◆ Data in this exercise ◆
────────────────────
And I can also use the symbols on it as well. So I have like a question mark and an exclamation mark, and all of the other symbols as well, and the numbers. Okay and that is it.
────────────────────
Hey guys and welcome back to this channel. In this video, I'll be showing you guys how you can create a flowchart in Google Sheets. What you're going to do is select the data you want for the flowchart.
────────────────────
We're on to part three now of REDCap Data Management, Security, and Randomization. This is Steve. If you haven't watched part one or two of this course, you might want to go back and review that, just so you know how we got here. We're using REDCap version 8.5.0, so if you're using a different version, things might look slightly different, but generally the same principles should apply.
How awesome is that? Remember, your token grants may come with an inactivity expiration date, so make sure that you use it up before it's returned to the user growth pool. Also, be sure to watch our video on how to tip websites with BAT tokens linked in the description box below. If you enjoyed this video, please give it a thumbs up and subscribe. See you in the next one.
────────────────────
◆ Task prompt ◆
Find the word "want" in the listing above. Copy each line where it appears.

◆ Your solution ◆
Hey guys and welcome back to this channel. In this video, I'll be showing you guys how you can create a flowchart in Google Sheets. What you're going to do is select the data you want for the flowchart.
We're on to part three now of REDCap Data Management, Security, and Randomization. This is Steve. If you haven't watched part one or two of this course, you might want to go back and review that, just so you know how we got here. We're using REDCap version 8.5.0, so if you're using a different version, things might look slightly different, but generally the same principles should apply.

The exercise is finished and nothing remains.